From Markers to Manifolds
A configuration space for cell fate that biologists can run and mathematicians can analyze
On a good day in the lab you get what you planned for. On a better day you get what you planned for and you understand why. To understand what we are trying to achieve at CELL, the paper I want to anchor this with is by Sáez, Blassberg, Camacho-Aguilar, Siggia, Rand, and Briscoe, “Statistically derived geometrical landscapes capture principles of decision-making dynamics during cell fate transitions.” They take the familiar Waddington picture and turn it into a working instrument for stem cell fate. Not a poster. A model that can be built from flow data, fit to timed Wnt and FGF schedules, then used to forecast new schedules and the split of fates you will actually see on day three, four, five. That is rare and valuable. It is also the right starting point for a universal configuration space for molecular biology that is reproducible, interoperable, and robust across labs and organisms.
CELL is an open consortium that brings mathematical biology, biophysics, and computational biology together around a shared mathematical core.

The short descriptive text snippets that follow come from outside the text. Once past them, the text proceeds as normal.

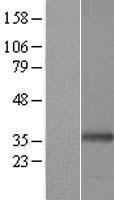 TNFAIP1 Human Over-expression Lysate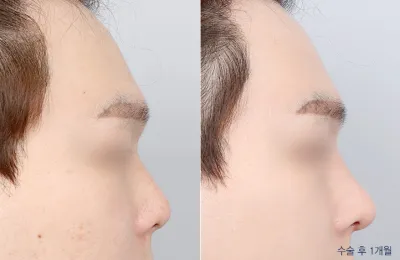 Before & After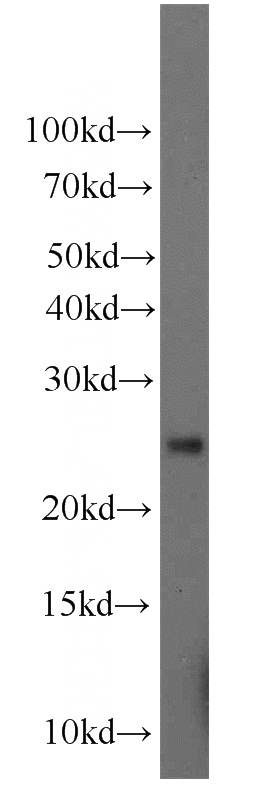 A375 cells were subjected to SDS PAGE followed by western blot with Catalog No:107883(GFER antibody) at dilution of 1:1000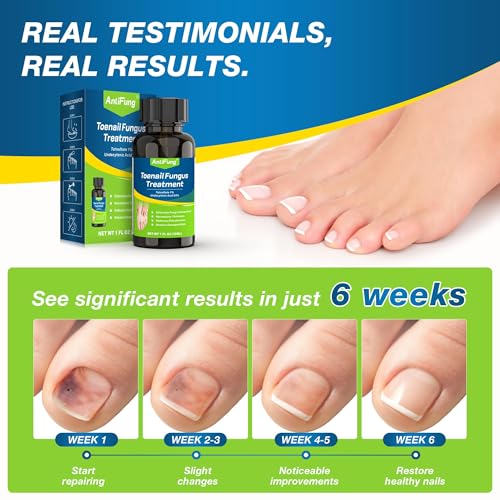 Extra Strength Toenail Fungus Treatment with 25% Undecylenic Acid - 30ml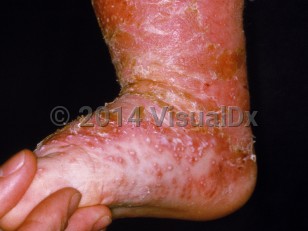 Clinical image of Infantile psoriasis - imageId=14990. Click to open in gallery.  caption: 'Pustular psoriasis in an infant displaying a large crusted and scaly erythematous plaque on the leg and foot, with outlying tiny pustules on the foot.'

The story in their hands is practical. Mouse ESCs are walked through an epiblast-like progenitor, then pushed toward anterior neural, posterior neural, or mesoderm under controlled Wnt and FGF programs. The authors measure a small set of markers by flow and imaging, call the major states without supervision, and treat these as attractors in a low dimensional landscape. You can see the itinerary in their schematic with CHIR and FGF bands that encode when signals are on or off, and the fate identities that dominate at day five. OTX2 sits high in anterior neural. CDX2 marks caudal epiblast and posterior neural. TBX6 then FOXC2 capture early and late mesoderm. The link from markers to attractors is made concrete in their clustering analysis where mixture components line up with cell types and the sharp change in local marker correlations reveals the edges between basins. Those boundaries behave like separatrices (the boundary that divides basins of attraction), not vague gradations, which is exactly what a landscape predicts when cells pass between stable states.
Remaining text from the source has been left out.